Queda
poco para que los padres, en nombre de Papa Noel, la Befana, el
Olentzero o los Reyes Magos (¡Mira que hay seres mágicos para hacer
regalos! ¿Por qué nunca se acordarán de mi...?), se despachen para
con sus hijos a base de papel de regalo. Así pasa: los buzones a
reventar (Nota: Estas anacronías postales en un mundo digital me
encantan..., ¡algo habrá que conservar del pasado para enseñar a
los críos cómo se envía una carta!) y las grandes superficies
echando humo como locomotoras. Es diciembre, ese mes en el que el
consumo se desata y algunos sueños (no todos, por imposibles o
inalcanzables) se hacen realidad.
Aunque
respeto que aquellos con posibles, no le den tregua a la tarjeta de
crédito (el que tenga mandanga que se la gaste y active la economía
si es su deseo), les diré que mi relación con la Navidad no pasa
por su momento más álgido. A estas alturas de la película: menos
dientes, me va sobrando de todo. Bufandas, zapatos, abrigos,
artilugios tecnológicos, libros y toda suerte de cachivaches se
amontonan en mi hogar, que tiene todas las papeletas para convertirse
en la típica casa-museo.
Aunque
intento dar uso a todo lo que tengo, muchas veces es imposible, no
sólo por cuestiones que derivan de las modas (lo que ayer nos
encandilaba, hoy nos produce arcadas... ¡Qué cosas tiene la
mirada!), sino porque algunas prendas de ropa se me han quedado
pequeñas, la bufanda se ha deshilachado, los zapatos están
sumamente desgastados, al ordenador se le han roto un par de teclas o
ha visto la luz otra edición mejor de ese álbum ilustrado...
Ya,
ya..., ya sé que en esos casos lo mejor es acudir al cubo de la
basura, apartar la triste mirada y dejarlos caer en él, pero son dos
las fuerzas invisibles (aparte del mero fetiche) que me lo impiden.

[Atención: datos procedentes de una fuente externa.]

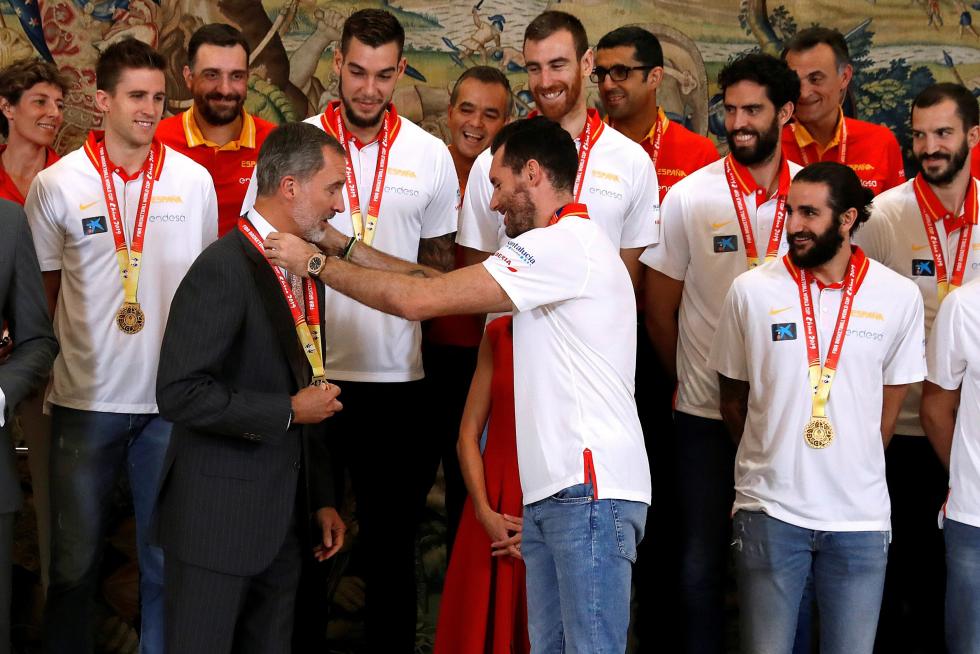 Los reyes reciben en audiencia a la selección española de baloncesto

La primera es la nostalgia, esa sinrazón que nos conmueve, y la
segunda es la incertidumbre, esa que aparece cuando no sabemos si
encontraremos algo tan duradero en esta sociedad de consumo donde lo
efímero y perecedero es una constante.
La
receta para evitar tanto despropósito, como en muchas otras facetas
de la vida, es conformarse con poco, y, en un acto de generosidad
para con los demás, dejar que las casas se vacíen de cosas
sobrantes, inútiles o que ya han prestado sus servicios. Parece una
tontería, pero dar, como le ocurre a Lulú, la protagonista
de¡Demasiados juguetes!
un álbum de Heidi Deedman editado en castellano por La casita roja,
y quedarnos solo con lo bueno (Júpiter, en esta historia) es el
mejor ejercicio para liberarse de uno mismo.